Charm Person: Neutralize a single target (by making them friendly) on a failed save (unreliably, more and more so as the game progresses and saves get better).

Light: Hamper/neutralize a single target (blinding it) on a failed save (unreliably).

Magic Missile: Harm a single target reliably (no save, can't miss).

Protection from Evil: Prevent harm unreliably (makes evil creatures' attacks and spells less likely to hit you, but does nothing to weaken their effects when they do) and situationally (depends on the alignment of your enemies).

Shield: Prevent harm unreliably (better AC means better chance of no damage, but no reduction in damage when someone does hit you).

Sleep: Neutralize multiple targets, reliably (no save), until higher levels at which point it becomes entirely ineffective.

Sleep is vastly overpowered compared to other 1st-level spells. This isn't necessarily a problem. You might want some variation in the power of spells at a given level; I think that makes things more interesting. In Magic: the Gathering, this principle is called the Jedi Curve: when designing a card that costs a given amount to play, the design team maps the "standard" power of a card at that cost as the Jedi Curve, and tries to fill each set with cards that sit above, below, and right on that curve. This is supposed to reward players for learning what cards are good for their cost and seeking out those cards to build their decks around. Similarly, if wizards in your game world know that some 1st-level spells are better than others, they'll be motivated to quest in search of those spells and compete with other wizards to secure copies.

However, I think something like the traditional Sleep is probably too overpowered. Its existence basically destroys the possibility of wizard duels even being a thing; every one will just become a contest to see who can cast Sleep first and win instantly, until you get to duels between wizards with more than 4+1 HD who are just immune to it, which also isn't interesting because it means they can just ignore it completely from then on without having to exercise any kind of competence.

What is it about Sleep that makes it so broken? I set out to understand better. The goal: map an ideal Jedi Curve for my own spell system that manages to account, at least somewhat, for the tactical infinity of OSR play as compared to the strict mechanics of Magic.

The Analysis

So we've already broken down what the most directly fight-related 1st-level spells do, how they're typically going to affect a duel. We can break down the effects of these spells into three categories of sorts, three metrics by which they can be compared. I'm going to call these effectiveness (at offense or defense), scope (how many targets they can affect or threats they can protect against), and consistency (how reliable the effects are).

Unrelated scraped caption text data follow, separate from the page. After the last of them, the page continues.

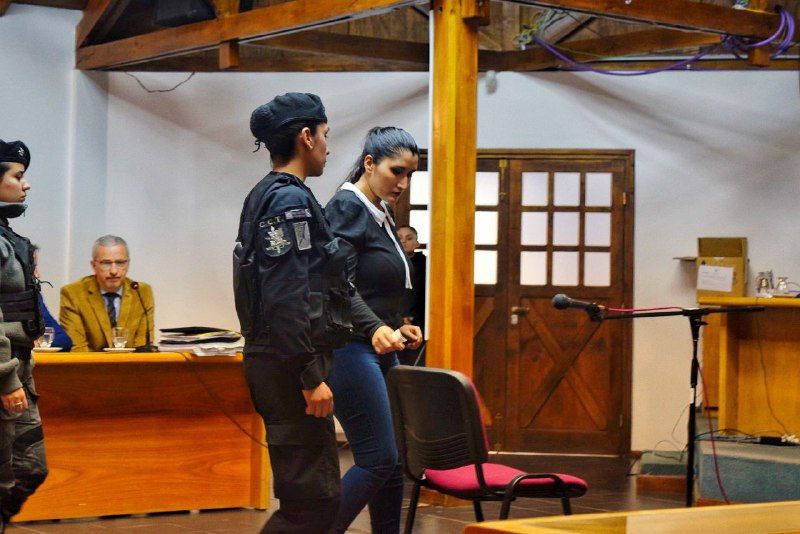 Tras las testimoniales, Gina Cárdenas accedió a declarar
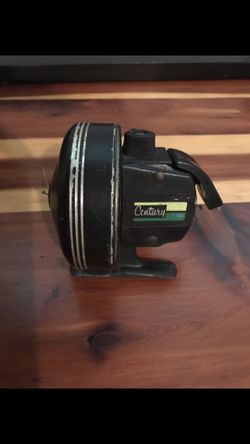 Century 135 fishing reel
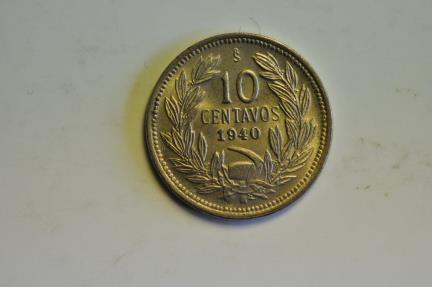 World Coins - Chile; 10 Centavos 1940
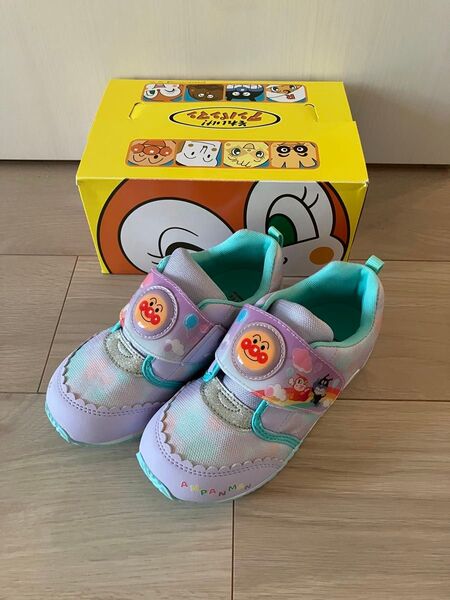 【新品】ムーンスター アンパンマンスニーカー キッズスニーカー 子供靴 19㎝ パープル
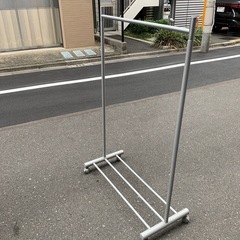 ハンガーラック　キャスターつきの画像
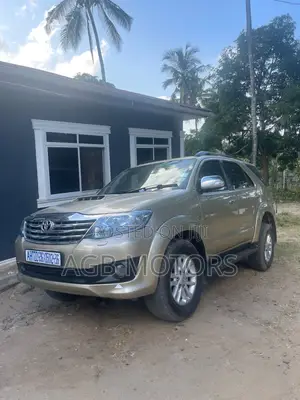 Toyota Fortuner 2012 Beige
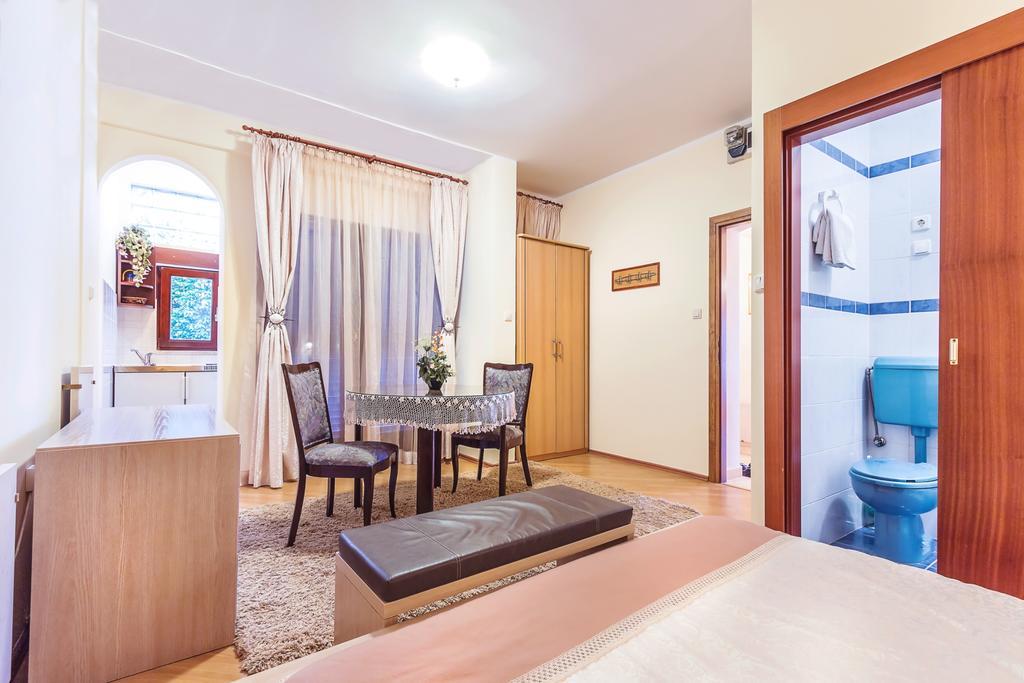 Villa Roses Apartments & Wellness Ičići Eksteriør billede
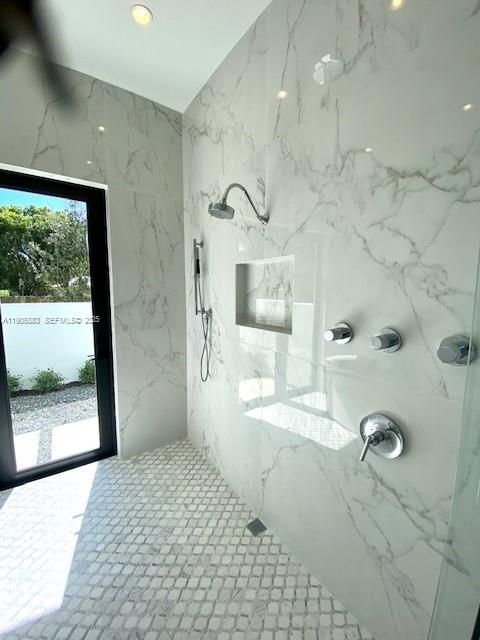 Master shower controls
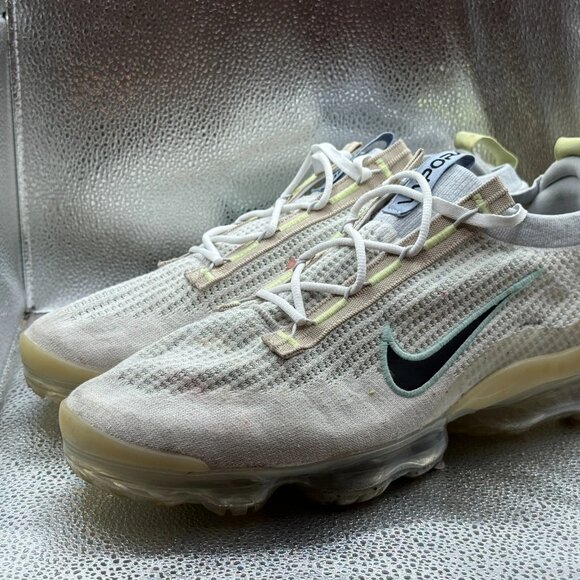 Size 13 Nike Air VaporMax Flyknit Mismatched Swoosh‎ Mens White Shoes DQ7633-100 main image 7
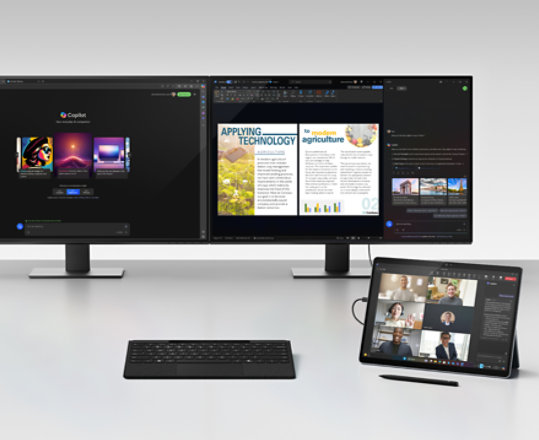 Δύο οθόνες συνδεδεμένες σε ένα Surface Pro σε λειτουργία tablet χωρίς το πληκτρολόγιο με την πένα Surface Slim Pen μπροστά από το Surface Pro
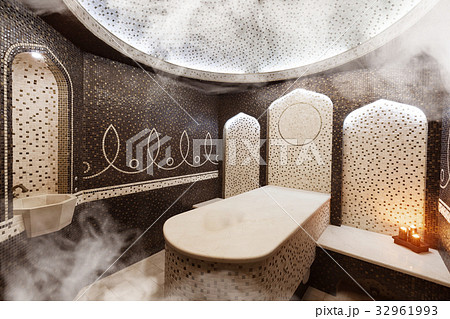 Interior of Turkish sauna, classic Turkish hammam 32961993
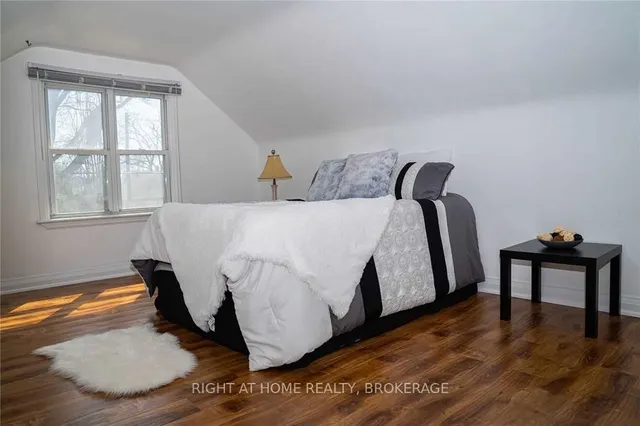 Additional image 31 of 68 West 4th St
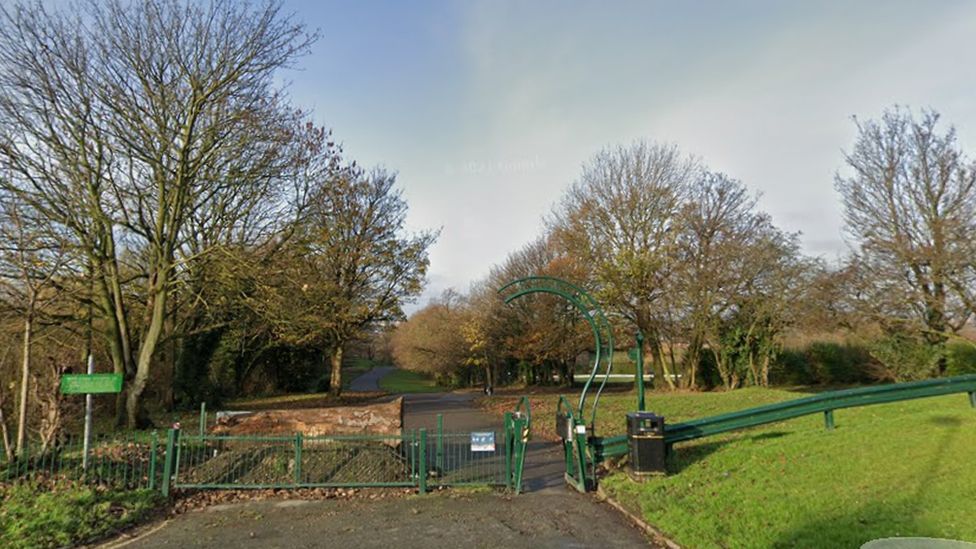 Primrose Valley Park: Teenage girl grabbed by man in Leeds - BBC News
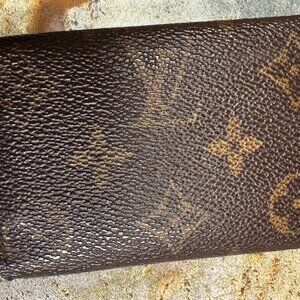 Louis Vuitton 6 Key Holder (Monogram)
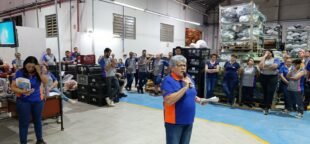 Assembleia na Brinquedos Adjoma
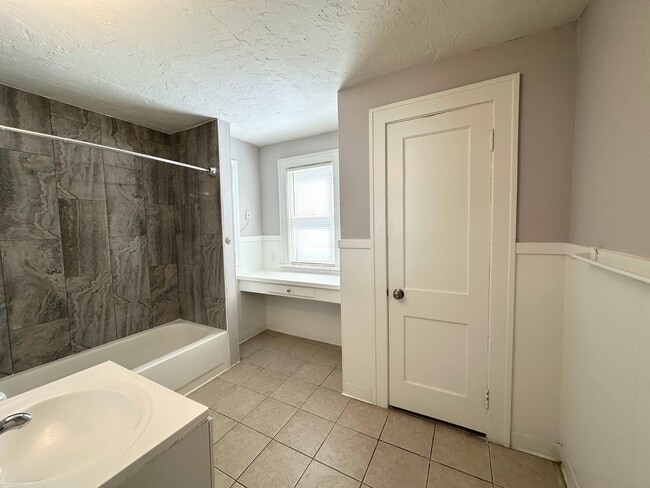 Building Photo - 3 Bed - 1 Full Bath Colonial available for...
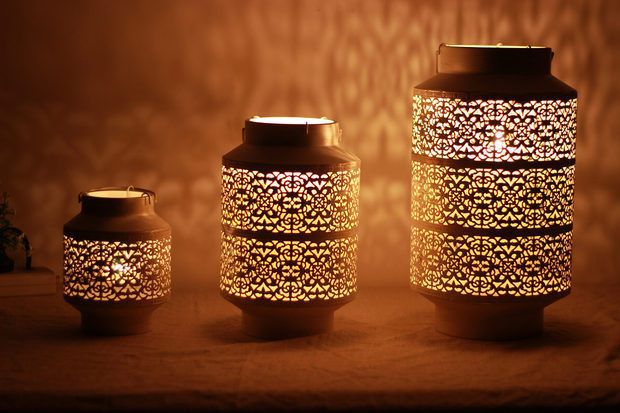 7591279220_1832137902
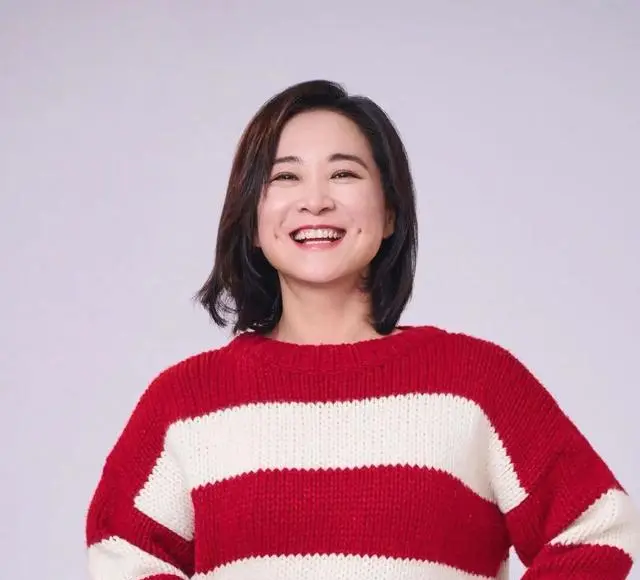 贾玲新片《转念花开》青岛杀青，反传销题材定档暑期档 资讯配图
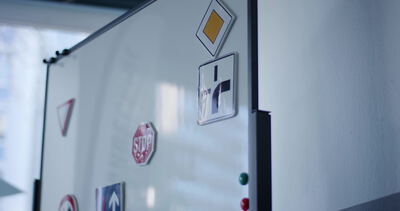 Verkehrsschild Magnete hängen an einem Whiteboard für die Fahrschule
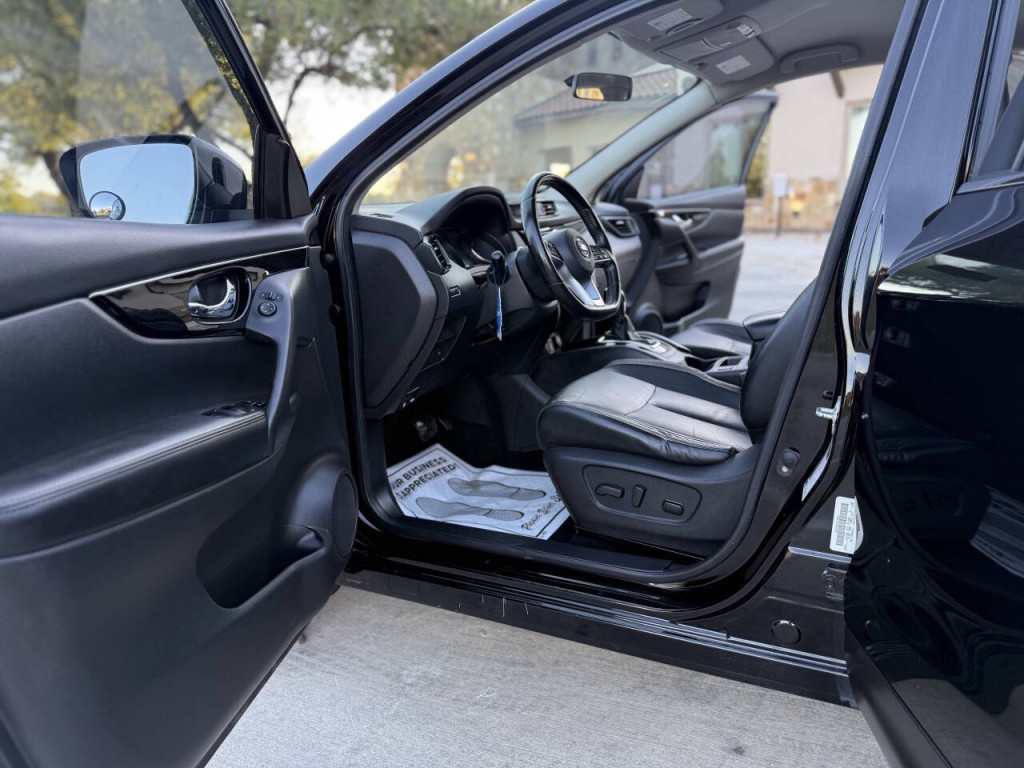 2017 Nissan Rogue Image 8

As we saw, Charm Person, for example, serves to effectively neutralize a target in a fight: it makes the target friendly, causing them to stop fighting, causing the fight to be over and the caster to win. However, it's only effective against a single target, and it's not perfectly reliable, since the target can save against it.

Based on this breakdown, I come up with a few rough scales for each of the categories.

  • In terms of effect, we have offensive spells that hamper targets; they weaken them somehow, but not enough to take them out of the fight. Then we have spells that harm targets, bringing them closer to being out of the fight directly. Finally, we have spells that neutralize targets, taking them out of the fight in one fell swoop. Defensively, we have spells that mitigate harm to the caster, making it less severe; spells that entirely prevent harm to the caster; and finally, certain spells might exist to reflect the harm from the caster back at its source.

These don't fully capture the effect of every spell that's useful in a fight, and they're not meant to. For example, you might have two spells that neutralize a target, but one might do so just temporarily, like Sleep, while another makes the subject unable to fight pretty much permanently, like Feeblemind. The second spell is obviously a lot more powerful in general, but in terms of effect on the balance of a single engagement, they're equivalent.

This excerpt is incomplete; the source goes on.